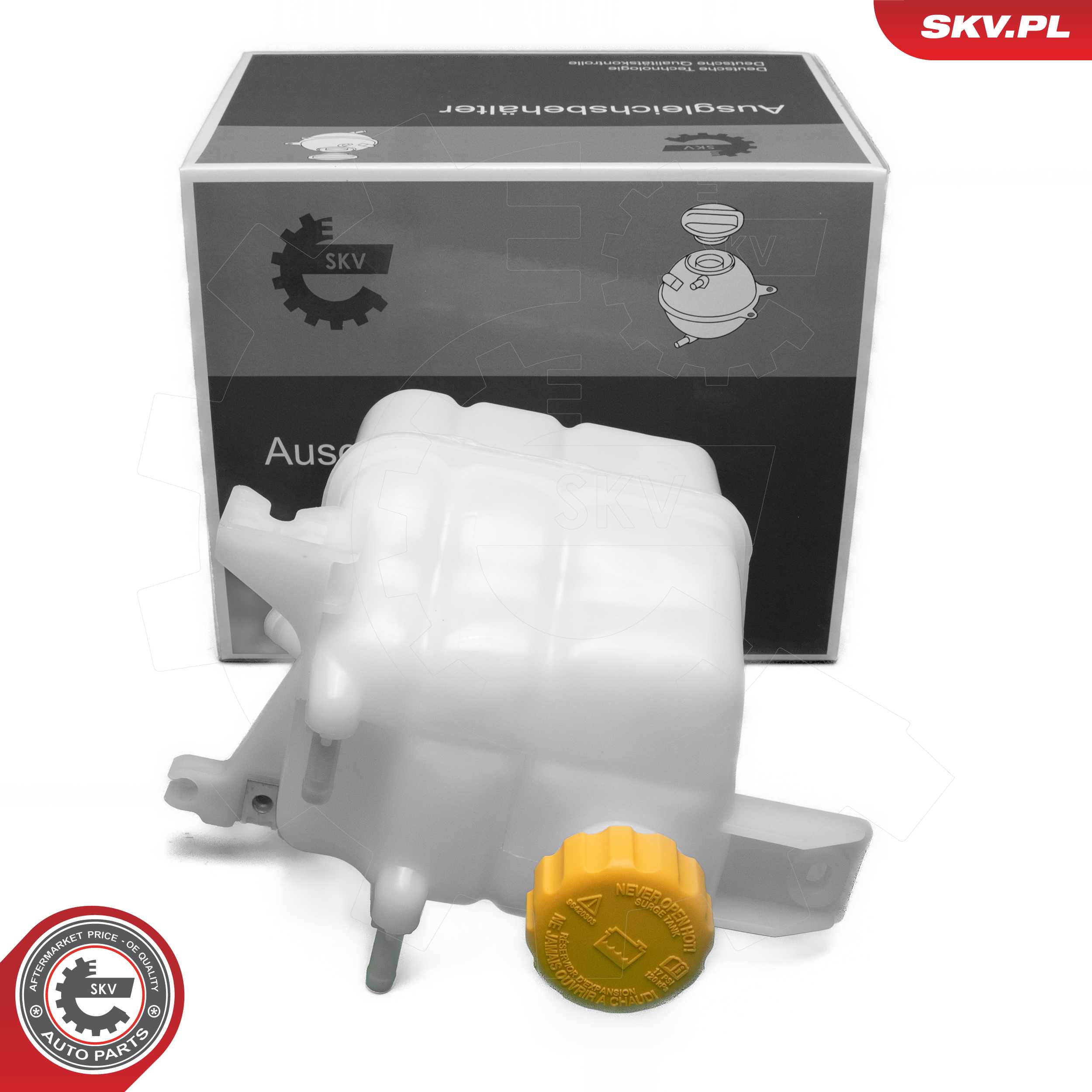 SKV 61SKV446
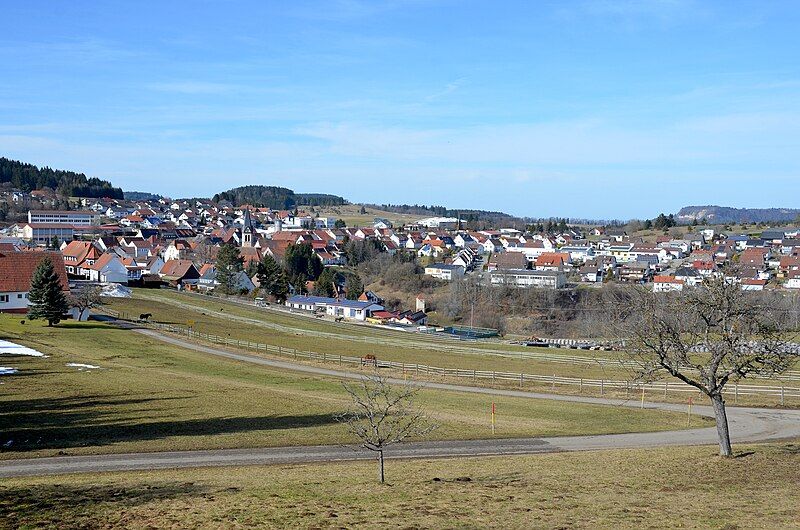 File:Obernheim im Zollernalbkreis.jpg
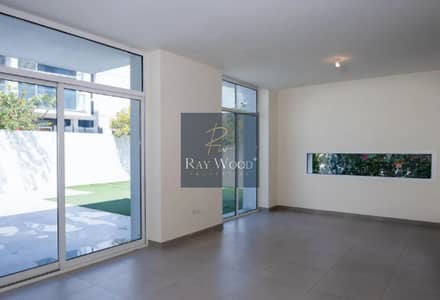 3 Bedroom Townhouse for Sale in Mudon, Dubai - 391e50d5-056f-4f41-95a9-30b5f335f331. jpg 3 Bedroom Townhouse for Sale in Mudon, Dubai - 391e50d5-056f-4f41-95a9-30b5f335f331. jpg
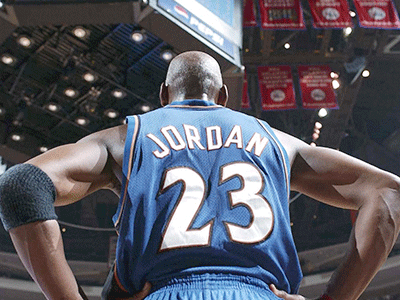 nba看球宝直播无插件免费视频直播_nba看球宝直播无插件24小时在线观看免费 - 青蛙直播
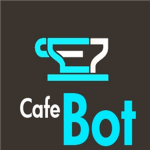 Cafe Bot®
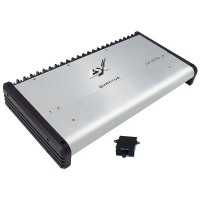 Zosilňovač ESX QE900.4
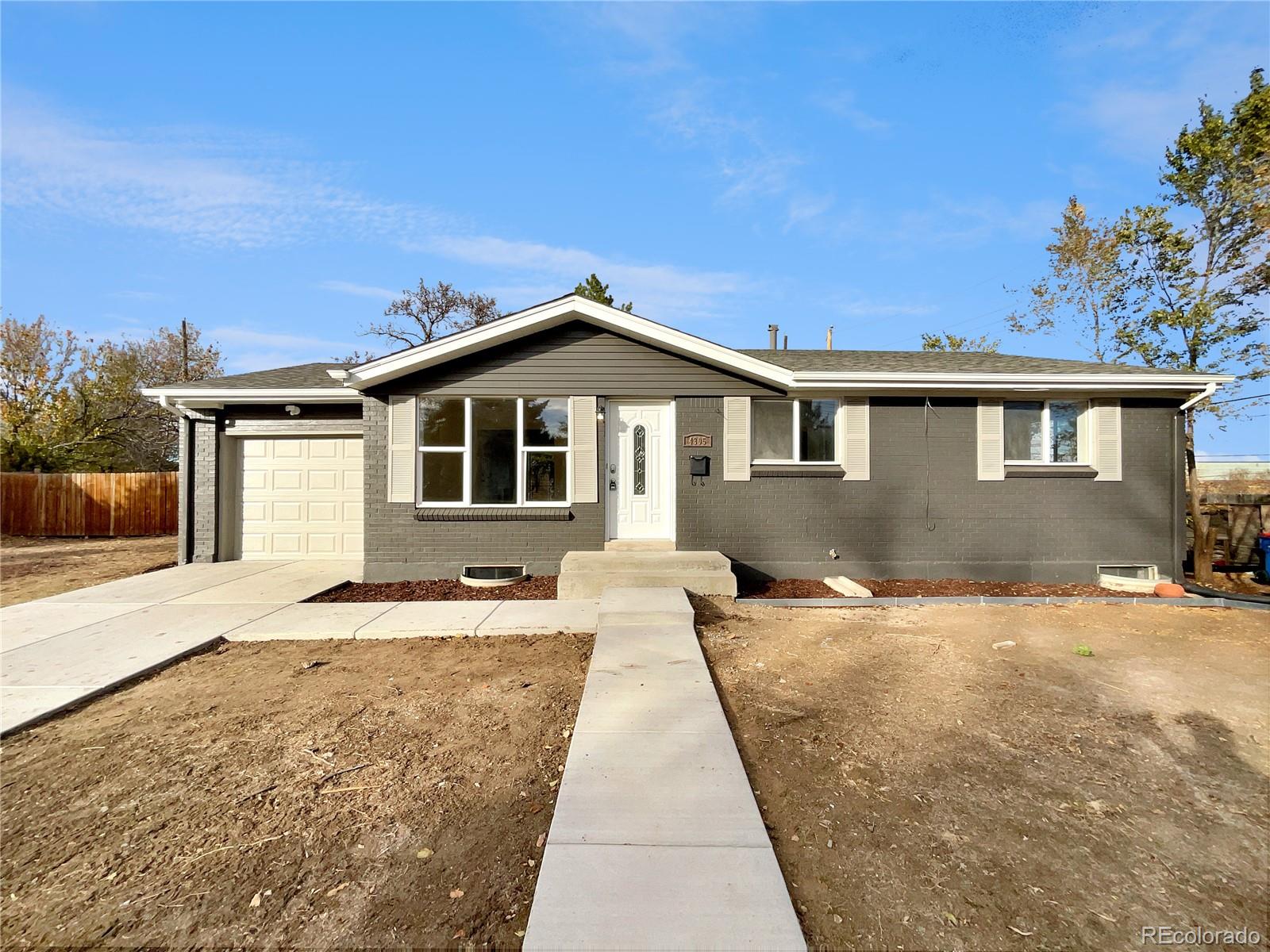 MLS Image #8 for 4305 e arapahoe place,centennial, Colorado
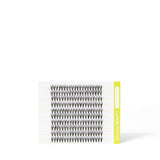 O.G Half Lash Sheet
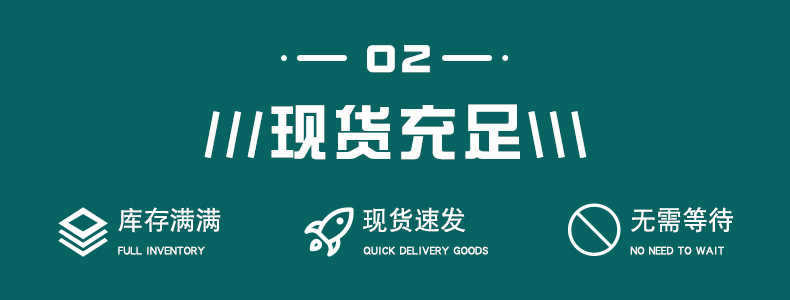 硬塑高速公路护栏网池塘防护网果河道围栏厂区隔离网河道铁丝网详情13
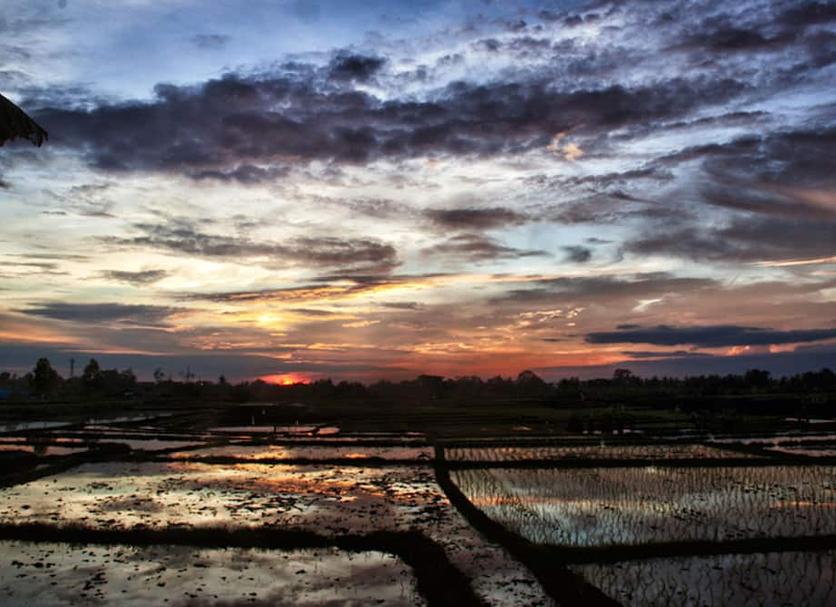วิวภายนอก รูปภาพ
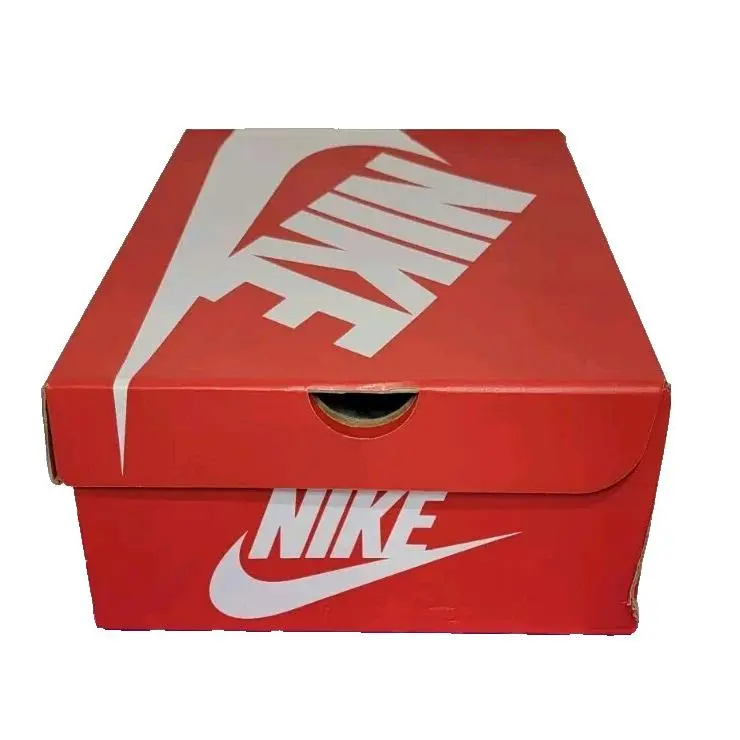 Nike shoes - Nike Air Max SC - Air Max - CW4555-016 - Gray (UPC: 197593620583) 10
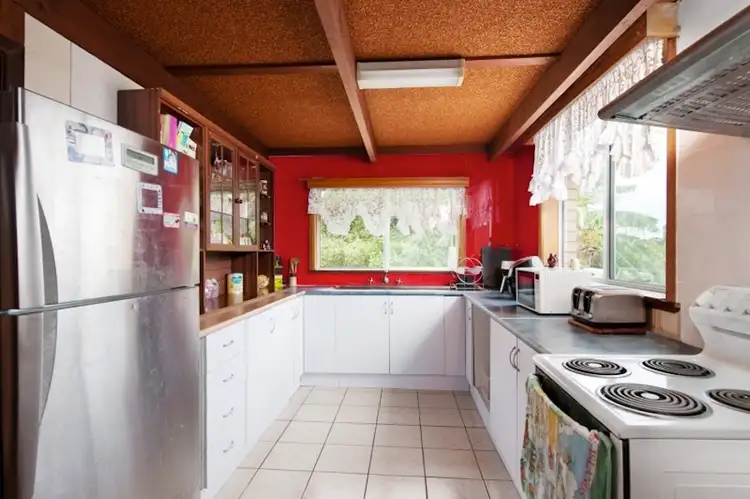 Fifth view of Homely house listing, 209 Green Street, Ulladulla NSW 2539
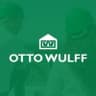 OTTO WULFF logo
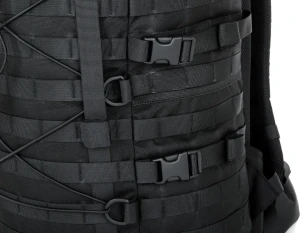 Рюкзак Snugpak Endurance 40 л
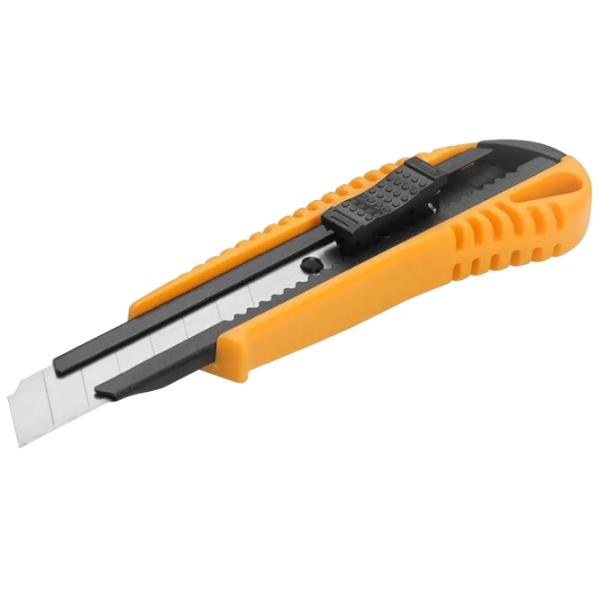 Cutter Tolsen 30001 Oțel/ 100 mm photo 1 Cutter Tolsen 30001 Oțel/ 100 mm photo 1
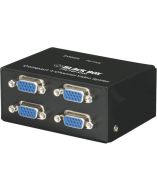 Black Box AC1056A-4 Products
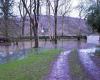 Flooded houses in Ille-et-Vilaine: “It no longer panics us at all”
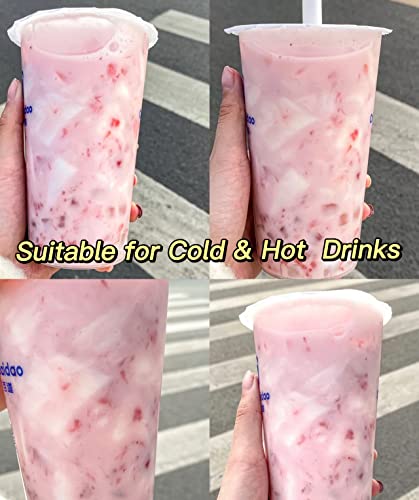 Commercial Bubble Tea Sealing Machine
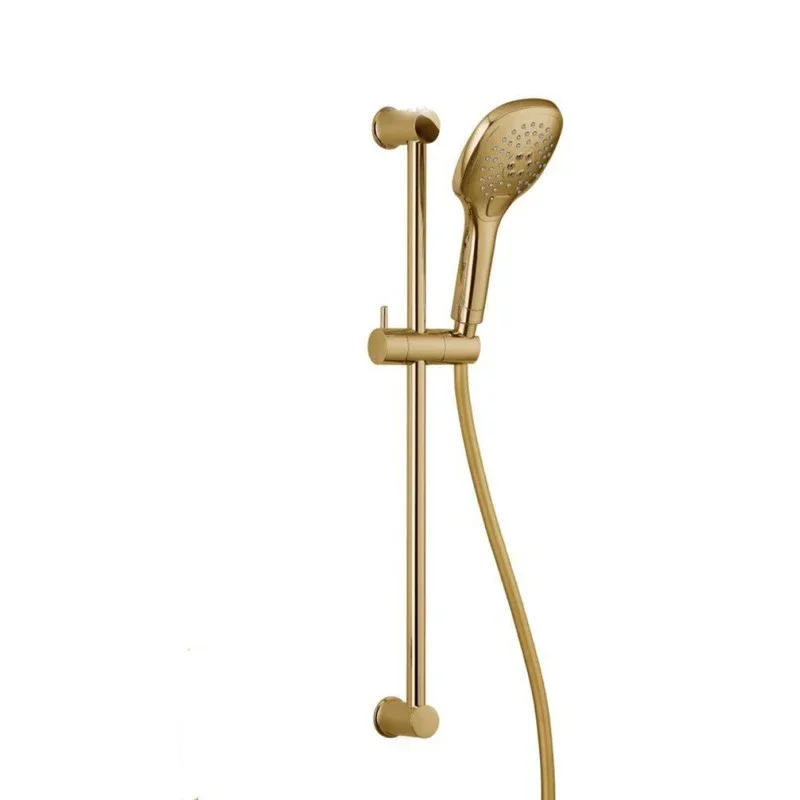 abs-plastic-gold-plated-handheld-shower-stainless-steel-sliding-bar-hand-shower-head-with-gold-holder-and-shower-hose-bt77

****

* _What is required_
In the data, the line that contains "Fifth view of" begins the part to write out; restate it and each line after it word for word through the end, with no pictures.

* _Output below_
 Fifth view of Homely house listing, 209 Green Street, Ulladulla NSW 2539
 OTTO WULFF logo
 Рюкзак Snugpak Endurance 40 л
 Cutter Tolsen 30001 Oțel/ 100 mm photo 1 Cutter Tolsen 30001 Oțel/ 100 mm photo 1
 Black Box AC1056A-4 Products
 Flooded houses in Ille-et-Vilaine: “It no longer panics us at all”
 Commercial Bubble Tea Sealing Machine
 abs-plastic-gold-plated-handheld-shower-stainless-steel-sliding-bar-hand-shower-head-with-gold-holder-and-shower-hose-bt77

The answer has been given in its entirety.